What you need to do: Give the entries below again, word for word, and leave out the images.

Short web captions
BEGIN

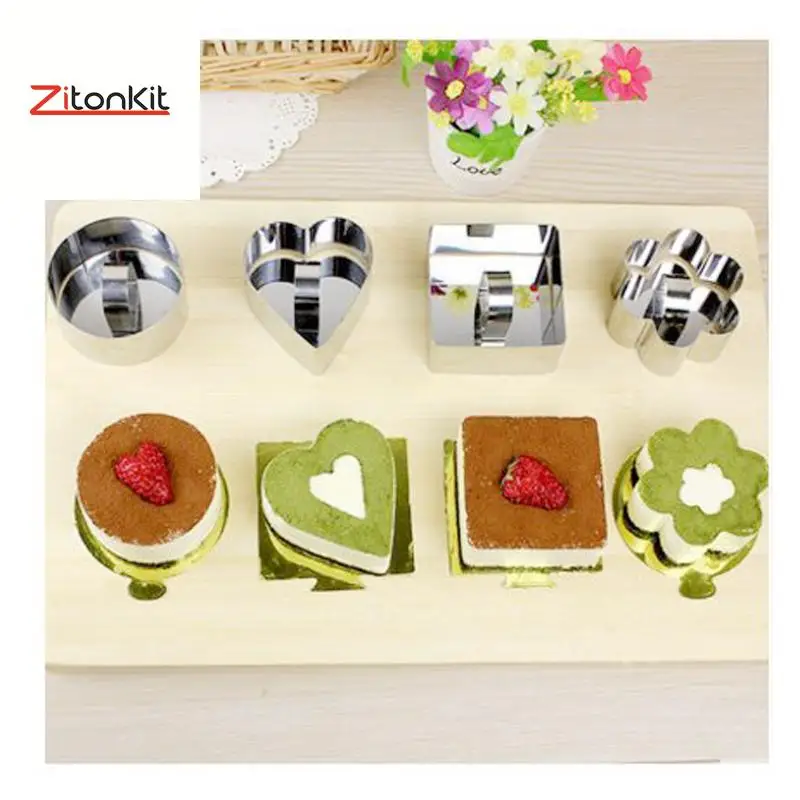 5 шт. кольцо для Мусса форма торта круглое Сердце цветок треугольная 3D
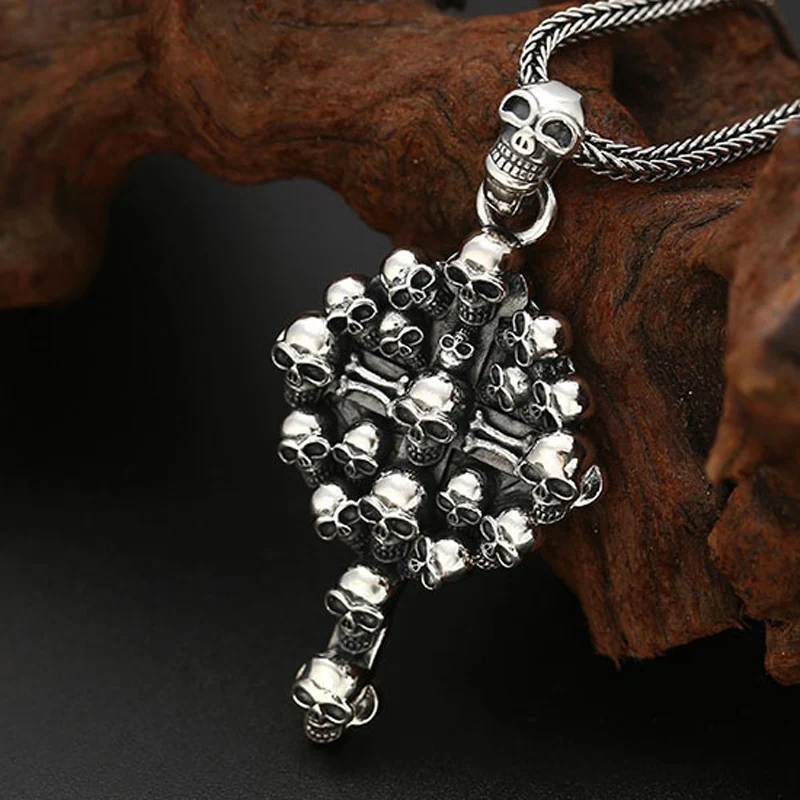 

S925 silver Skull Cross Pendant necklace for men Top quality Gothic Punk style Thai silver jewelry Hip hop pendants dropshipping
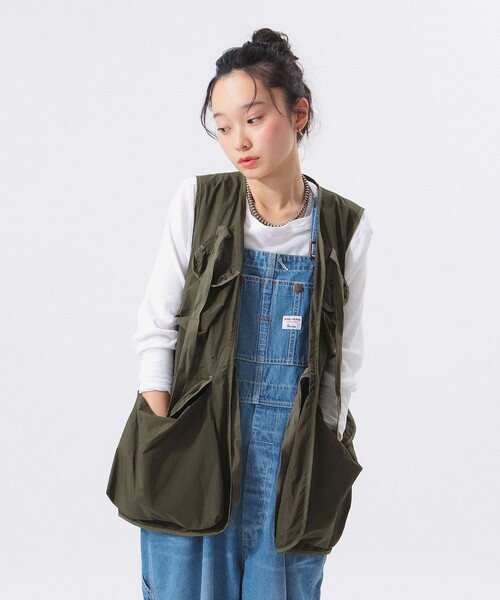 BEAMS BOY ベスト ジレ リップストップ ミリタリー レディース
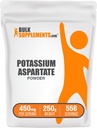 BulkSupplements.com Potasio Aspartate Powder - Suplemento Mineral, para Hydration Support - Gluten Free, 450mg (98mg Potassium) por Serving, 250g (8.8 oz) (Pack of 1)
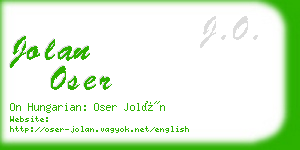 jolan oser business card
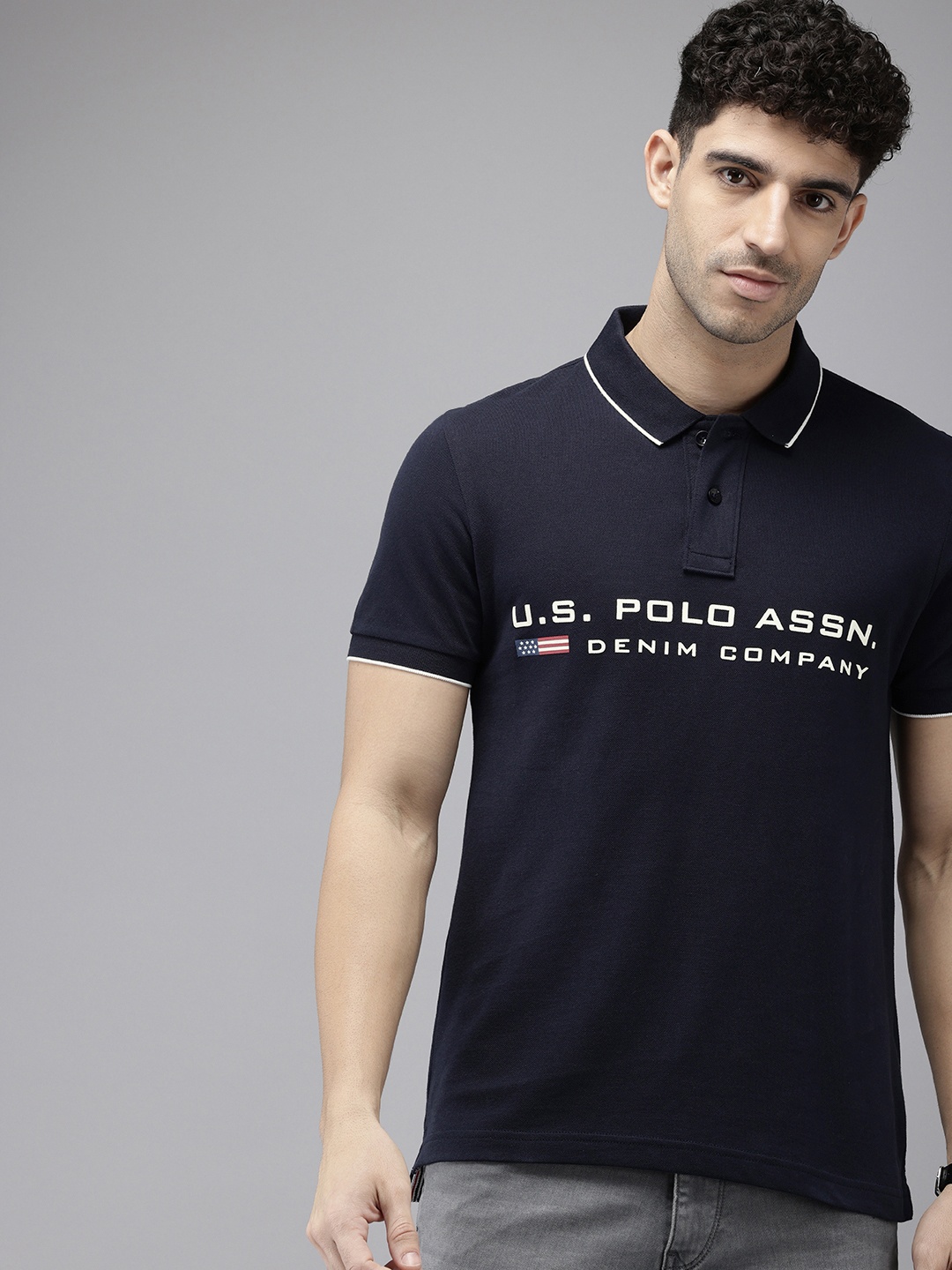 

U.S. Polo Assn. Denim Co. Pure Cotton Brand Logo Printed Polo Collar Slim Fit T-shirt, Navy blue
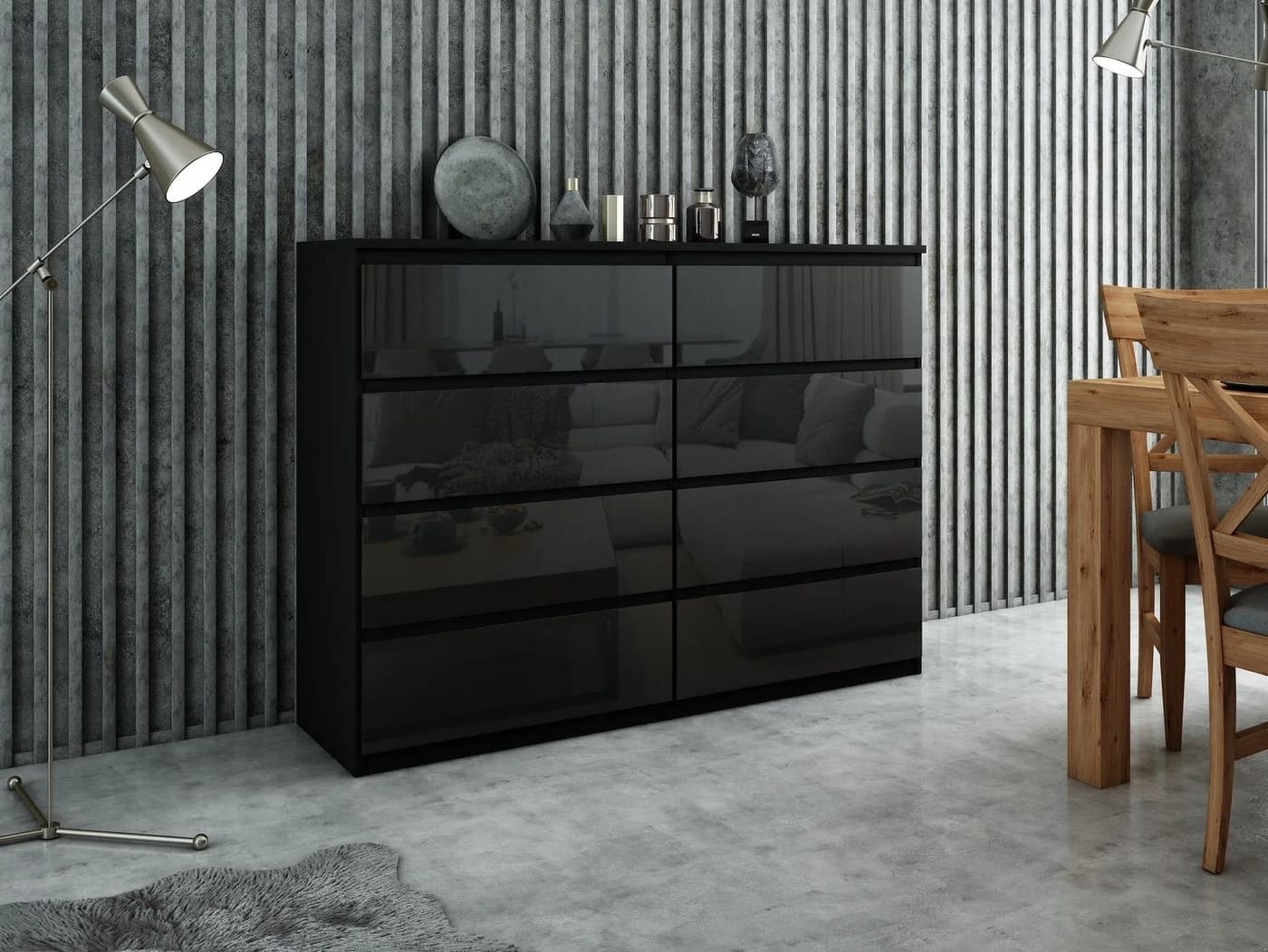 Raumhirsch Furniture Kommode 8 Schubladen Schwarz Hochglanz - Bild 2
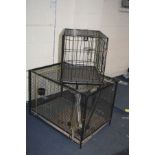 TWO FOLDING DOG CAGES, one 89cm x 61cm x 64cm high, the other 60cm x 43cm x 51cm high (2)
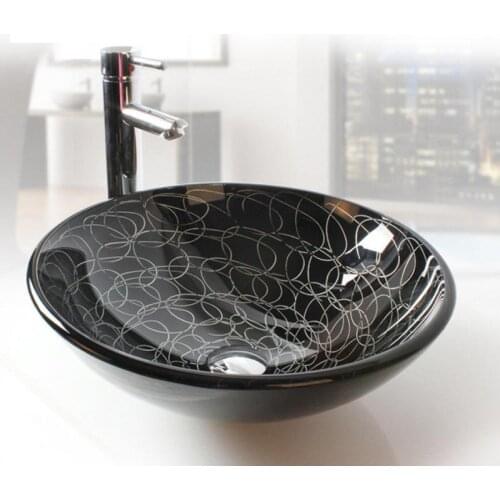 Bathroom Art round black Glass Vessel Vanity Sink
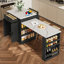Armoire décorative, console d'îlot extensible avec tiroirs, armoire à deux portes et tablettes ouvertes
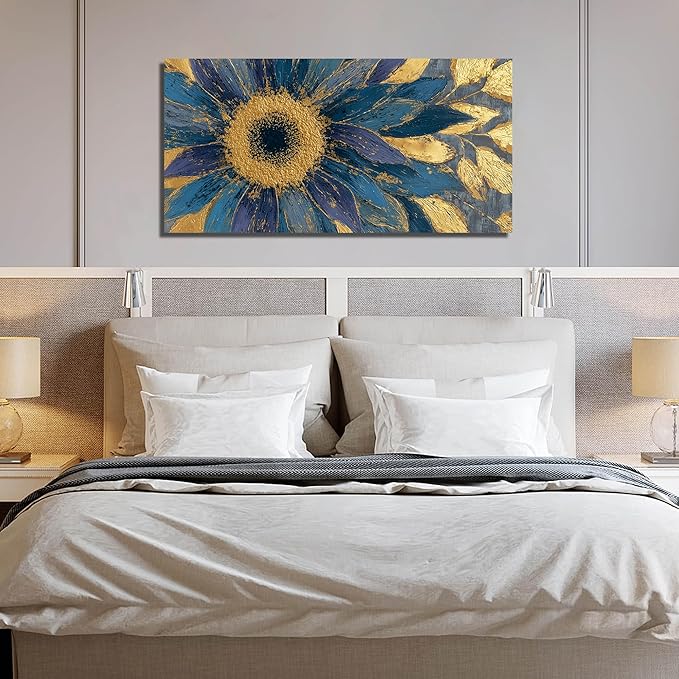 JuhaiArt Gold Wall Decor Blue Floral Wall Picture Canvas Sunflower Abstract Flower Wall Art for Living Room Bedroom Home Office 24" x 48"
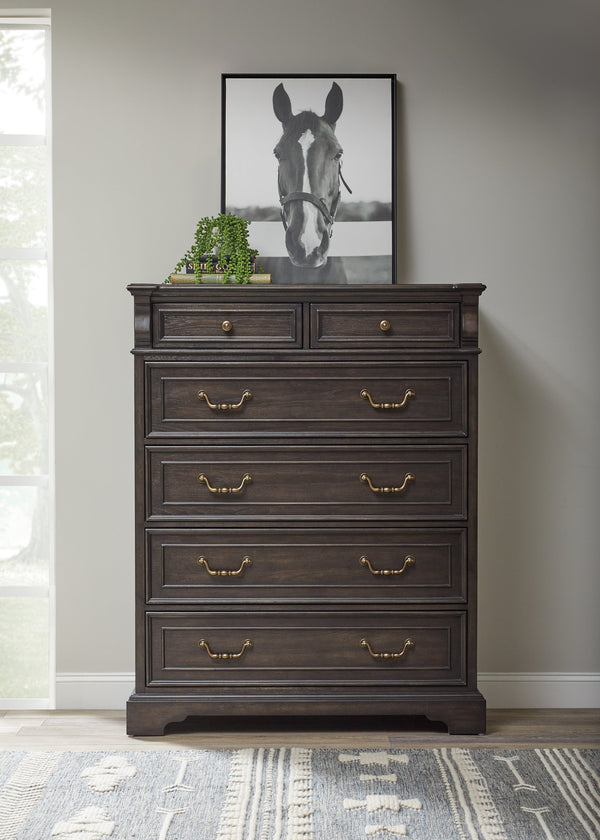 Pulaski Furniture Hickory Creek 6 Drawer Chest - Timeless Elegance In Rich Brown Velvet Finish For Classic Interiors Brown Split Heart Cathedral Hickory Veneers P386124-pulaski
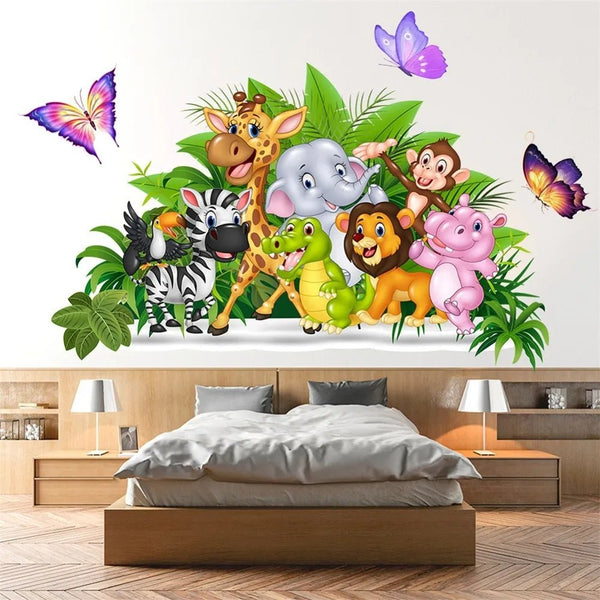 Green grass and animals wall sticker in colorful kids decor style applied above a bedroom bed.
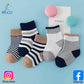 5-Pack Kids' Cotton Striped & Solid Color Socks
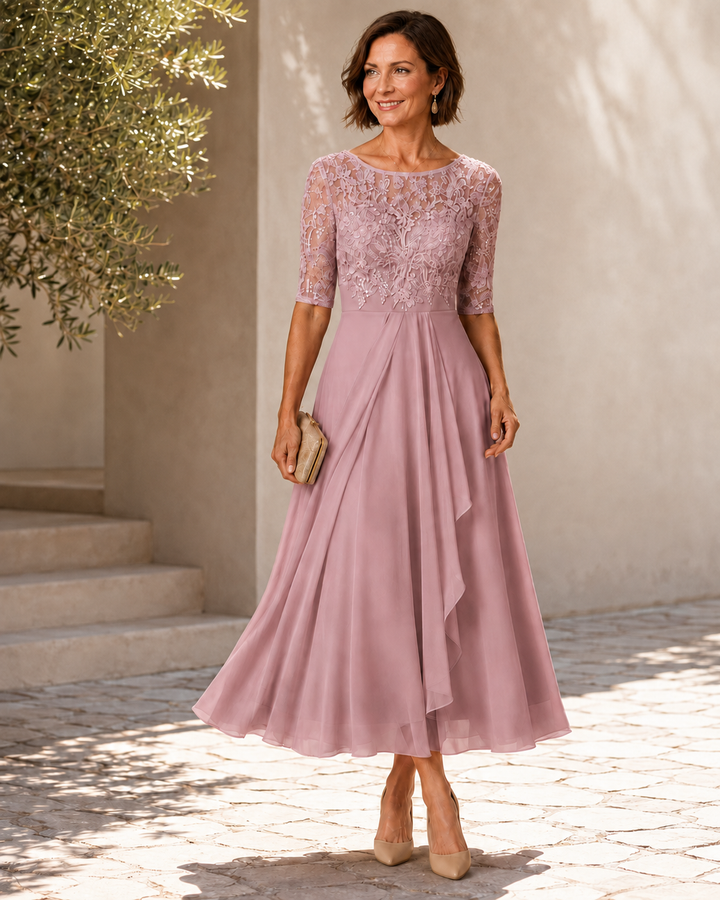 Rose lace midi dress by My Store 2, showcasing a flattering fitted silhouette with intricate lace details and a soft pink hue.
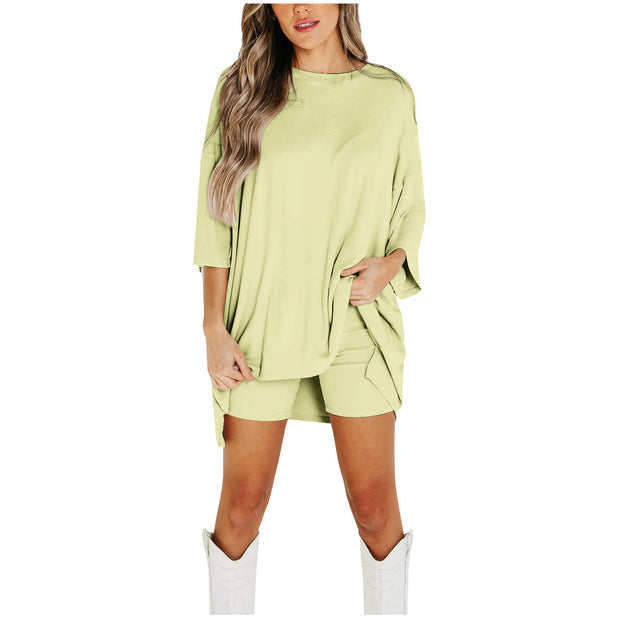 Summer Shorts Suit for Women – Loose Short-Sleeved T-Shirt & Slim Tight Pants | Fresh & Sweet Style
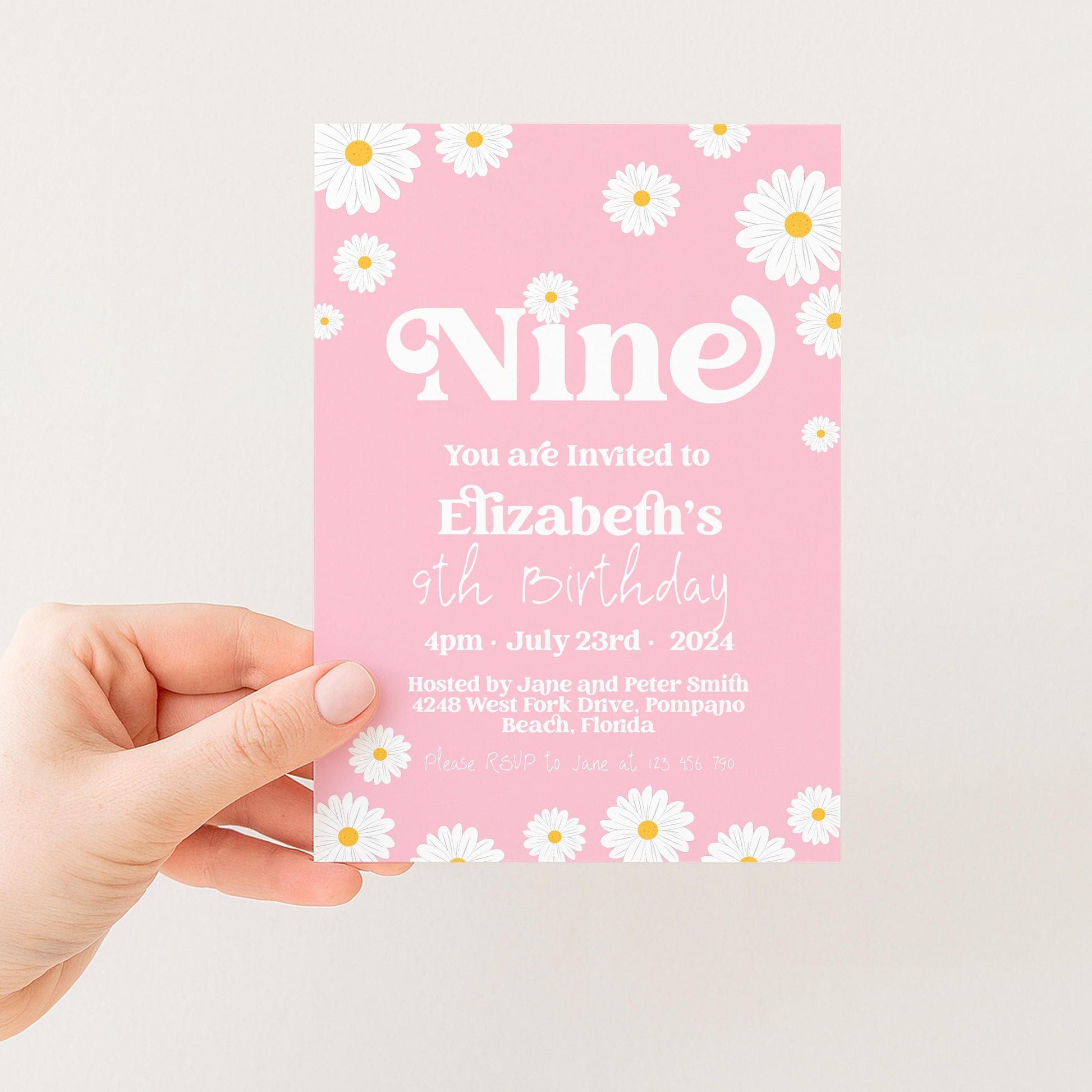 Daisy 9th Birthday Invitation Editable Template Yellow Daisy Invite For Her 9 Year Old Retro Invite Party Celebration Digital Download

END

Output of the exercise:
 5 шт. кольцо для Мусса форма торта круглое Сердце цветок треугольная 3D

S925 silver Skull Cross Pendant necklace for men Top quality Gothic Punk style Thai silver jewelry Hip hop pendants dropshipping
 BEAMS BOY ベスト ジレ リップストップ ミリタリー レディース
 BulkSupplements.com Potasio Aspartate Powder - Suplemento Mineral, para Hydration Support - Gluten Free, 450mg (98mg Potassium) por Serving, 250g (8.8 oz) (Pack of 1)
 jolan oser business card

U.S. Polo Assn. Denim Co. Pure Cotton Brand Logo Printed Polo Collar Slim Fit T-shirt, Navy blue
 Raumhirsch Furniture Kommode 8 Schubladen Schwarz Hochglanz - Bild 2
 TWO FOLDING DOG CAGES, one 89cm x 61cm x 64cm high, the other 60cm x 43cm x 51cm high (2)
 Bathroom Art round black Glass Vessel Vanity Sink
Armoire décorative, console d'îlot extensible avec tiroirs, armoire à deux portes et tablettes ouvertes
 JuhaiArt Gold Wall Decor Blue Floral Wall Picture Canvas Sunflower Abstract Flower Wall Art for Living Room Bedroom Home Office 24" x 48"
 Pulaski Furniture Hickory Creek 6 Drawer Chest - Timeless Elegance In Rich Brown Velvet Finish For Classic Interiors Brown Split Heart Cathedral Hickory Veneers P386124-pulaski
 Green grass and animals wall sticker in colorful kids decor style applied above a bedroom bed.
 5-Pack Kids' Cotton Striped & Solid Color Socks
 Rose lace midi dress by My Store 2, showcasing a flattering fitted silhouette with intricate lace details and a soft pink hue.
 Summer Shorts Suit for Women – Loose Short-Sleeved T-Shirt & Slim Tight Pants | Fresh & Sweet Style
 Daisy 9th Birthday Invitation Editable Template Yellow Daisy Invite For Her 9 Year Old Retro Invite Party Celebration Digital Download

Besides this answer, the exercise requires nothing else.